Pero, asimismo, el culto, dentro de la Iglesia, tiene sus consecuencias. Si la adoración y el culto son la expresión de nuestro ser cristiano y de la vivencia de nuestra fe, hay también una íntima relación entre el culto y la vida. Relación que va a verificar la autenticidad y el significado profundo del propio culto, porque la prioridad está de parte de la vida. Así, el culto es verdadero si brota de nuestra fe y entrega personal y comunitaria a Dios, pues la fe y el culto que rendimos a Dios, se verifica en la vida, en la coherencia entre creer, adorar y ser consecuente con la fe. El culto no tiene, pues, un valor sustantivo, sino un carácter instrumental porque es la manifestación externa de la adoración y agradecimiento personal y comunitario a Dios siendo el culto su expresión jubilosa. Por ello, por su verdad, por su autenticidad, porque refleja lo que realmente sucede dentro de nuestra persona y de nuestra hermandad, nuestro culto será verdadero si nos lleva a vivir nuestra vida desde Dios y a realizar con Él, en nuestra entrega diaria, su proyecto de salvación. Tiene el culto, como toda la liturgia de la Iglesia, valor y sentido en la medida que expresa, simboliza, actualiza, celebra y anima la adoración, la vida y la salvación.
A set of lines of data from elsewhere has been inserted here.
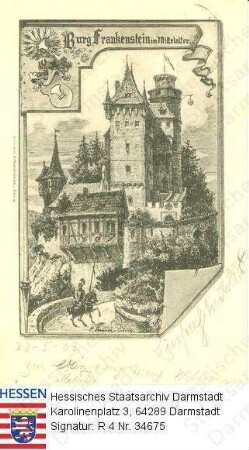 Frankenstein, Burgruine bei Eberstadt / Ansicht im Mittelalter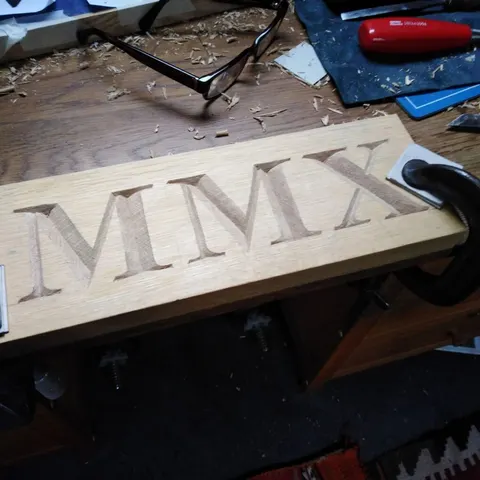 Hardwood Letter Carving, photographed by The School Of Stuff
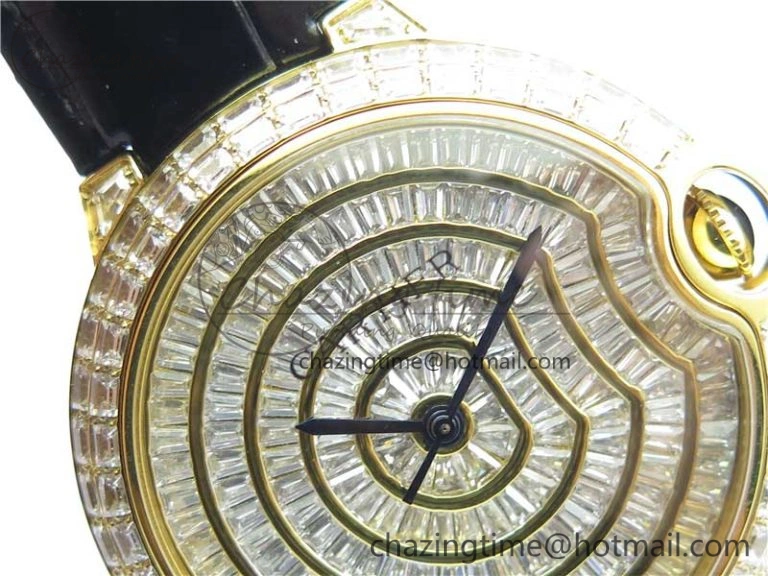Ballon Bleu T Diamond YG Full Paved Diamonds Dial on Black Leather Strap Miyota 9015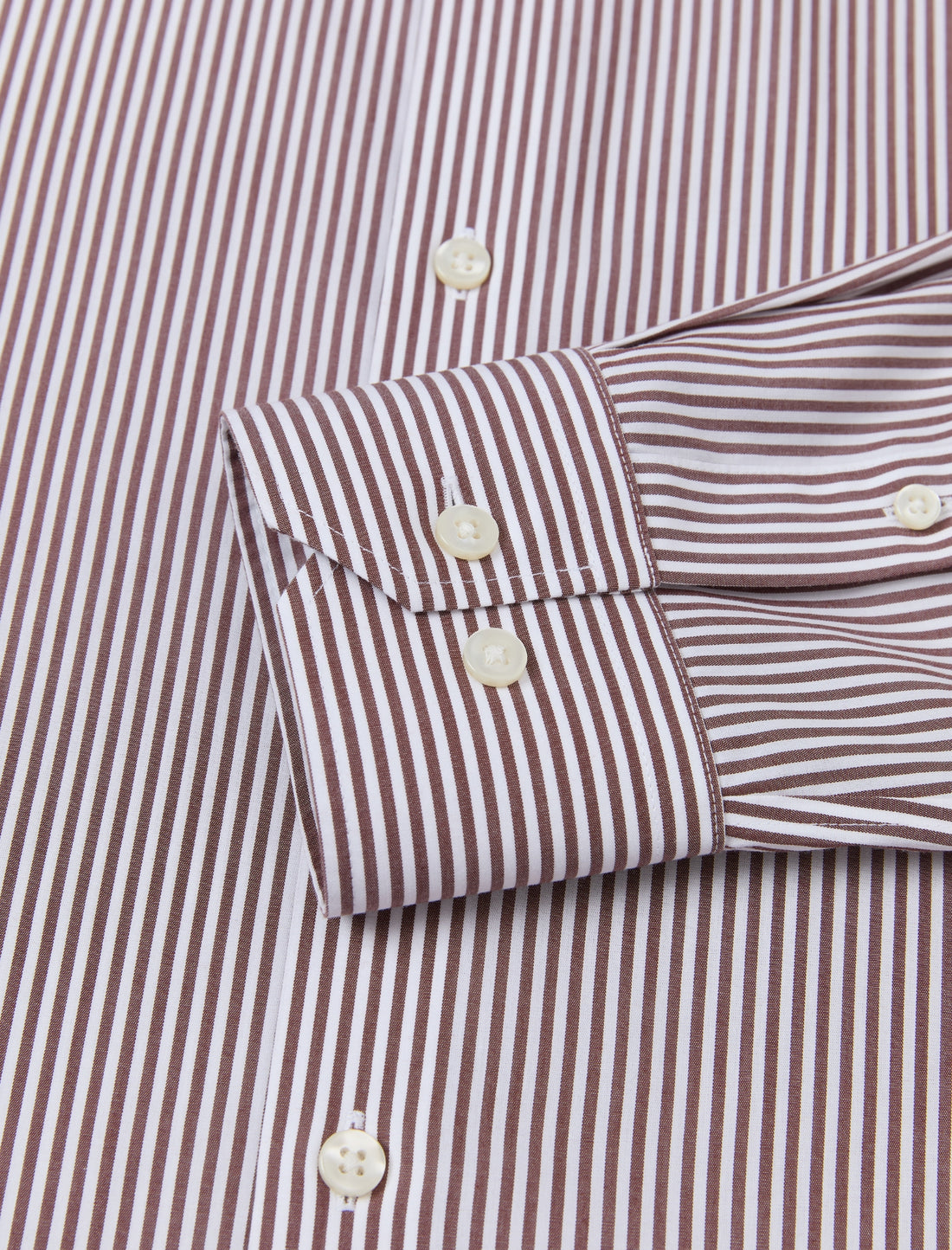 Hartwell Cognac Stripe Non-Iron Poplin Shirt - cognac stripe poplin fabric close-up - OTAA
De lo contrario, separado de la vida, sin apertura veraz a Dios, vivido como una realidad aparte y desligada de la vida, podría adquirir un carácter mágico, y ser un ritualismo estético, formalista y vacío.

En resumen: La experiencia íntima de adoración y entrega personal a Dios, se debe reflejar en nosotros con la transformación de nuestra vida; Sólo así, la gloria y el culto que realizamos en comunión y armonía con los hermanos, a través de la expresión religiosa externa y pública a nuestros titulares a lo largo del año, será un culto y adoración agradables a Dios. Y entonces sí, todos los símbolos y ejercicios que hagamos serán los signos externos de nuestra vivencia cristiana. Necesitamos expresar nuestra fe hacia afuera, necesitamos manifestar y comunicar a los demás lo que bulle dentro de nosotros; Esta es una ley antropológica primordial: hay que decir fuera lo que realmente somos, expresar externamente lo que anida en nuestro corazón; nadie da lo que no tiene. Y en la religión esto es de suma importancia. La gloria y el culto auténticamente religiosos son los que significan y exteriorizan la vivencia íntima de la fe de la comunidad y fraternidad que somos.

"Pero llega la hora (ya estamos en ella) en que los adoradores verdaderos adorarán al Padre en espíritu y en verdad, porque así quiere el Padre que sean los que le adoren. Dios es espíritu y los que adoran, deben adorar en espíritu y verdad" (Jn 4, 23-24).